The Moral Rot of the Left’s Abortion Agenda
Thomas Jipping February 06, 2019
In a November 1789 letter to French scientist Jean-Baptiste Leroy, Benjamin Franklin expressed hope that the new U.S. Constitution would endure, but acknowledged that “nothing is certain except death and taxes.”
The taxes part isn’t really true today. More than 40 percent of Americans pay no federal income tax, and one-third of them also pay no payroll taxes. While the death part is obviously true eventually, some lawmakers are trying to make death more likely before birth.
Unlike firearms, abortion exists for the sole intended purpose of killing human beings. Except for Satan, Sauron, and the occasional psychopath, however, killing human beings really isn’t an aspiration. War, justice, or self-defense may require it, but the killing itself has never been seen as a good thing.
In its 1973 Roe v. Wade decision, the Supreme Court said that the Constitution protects a woman’s decision “whether or not to terminate her pregnancy.” The casual reference to the Constitution notwithstanding, the very next sentence revealed the court’s real motivation: the “detriment” that prohibiting abortion would “impose on the pregnant woman.”

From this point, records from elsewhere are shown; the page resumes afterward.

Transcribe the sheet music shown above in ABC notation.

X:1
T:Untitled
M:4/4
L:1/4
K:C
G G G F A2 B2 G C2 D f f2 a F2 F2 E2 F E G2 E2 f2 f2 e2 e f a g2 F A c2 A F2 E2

Nonetheless, the fact remains that abortion kills human beings. Even Hillary Clinton, when she ran for president in 2008, said that while abortion should be safe and legal, it should be “rare, and by rare, I mean rare.”

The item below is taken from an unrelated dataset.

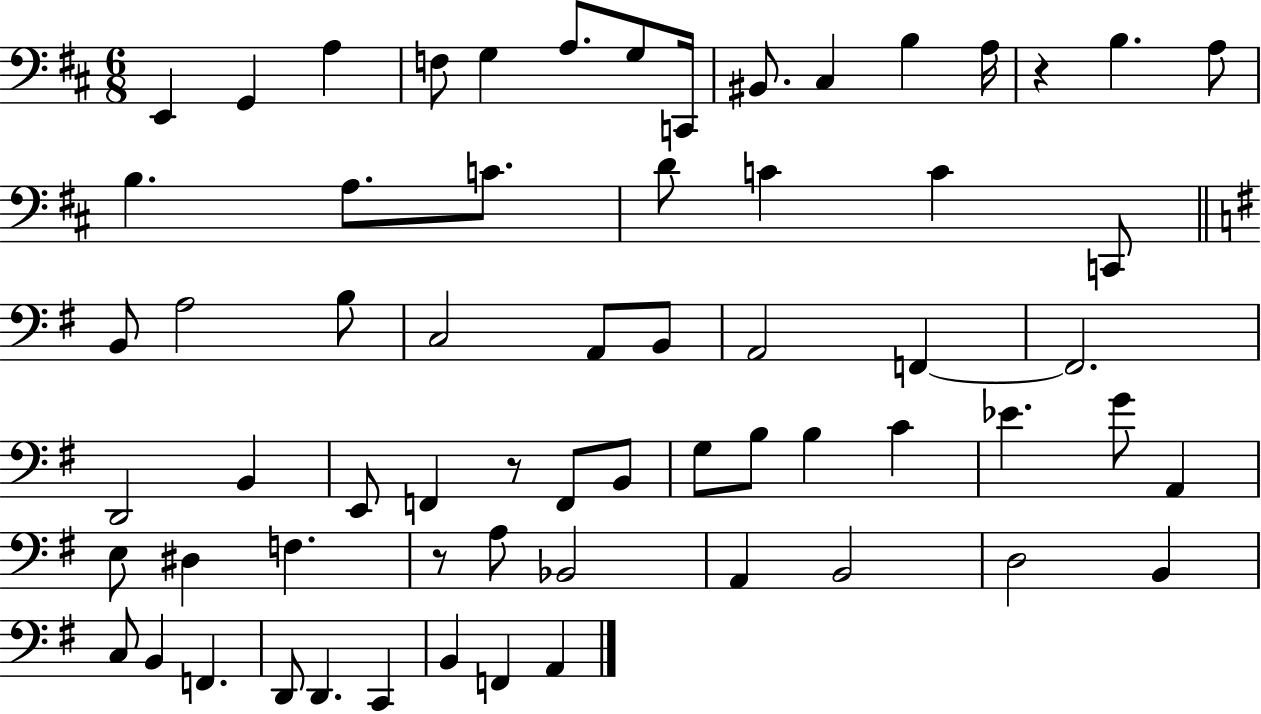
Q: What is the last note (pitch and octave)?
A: A2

Public opinion continues to echo that negative view toward the act of abortion itself. In one poll last year, younger respondents said by a margin of 47 to 39 percent that abortion is more likely to do harm than good to a woman’s life. A Gallup analysis found that “support for making abortion broadly illegal [is] growing fastest among young adults.”

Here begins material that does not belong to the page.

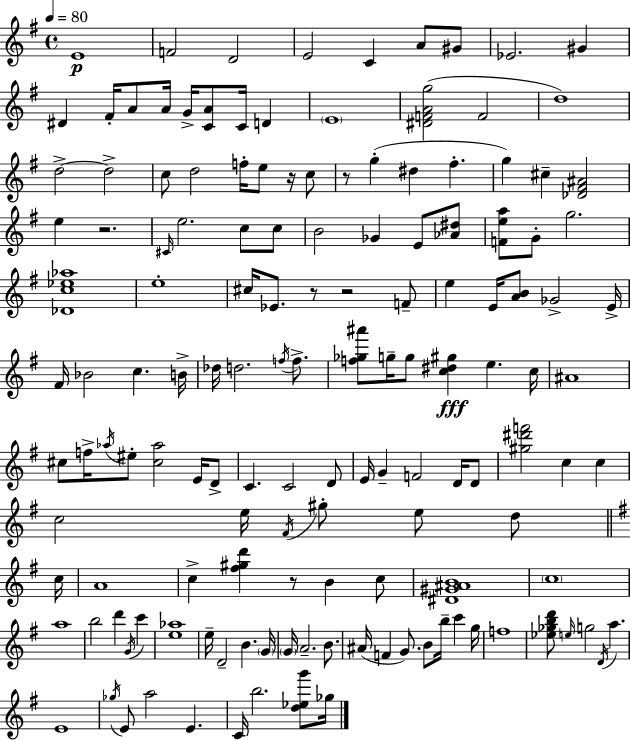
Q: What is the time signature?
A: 4/4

This shift comes at a time when fewer abortions are being performed. The number of abortions in the U.S. has declined by nearly 50 percent in the last three decades.
Some lawmakers are determined to combat these encouraging signs. But since abortion kills human beings, the only way to feasibly argue for more abortion access is to deprive human beings of any significance at all before birth.
In New York, for example, the new law making abortion available until birth is just the beginning. That same law repeals the requirement to help babies that survive an abortion.
But New York legislators also went beyond abortion altogether, amending the state’s homicide statute so that it only applies after birth. Today, in “progressive” New York state, you can kill a human being before birth by abortion or any other method, intentionally or accidentally, whether the mother wanted the baby or not, and pay no legal price for it.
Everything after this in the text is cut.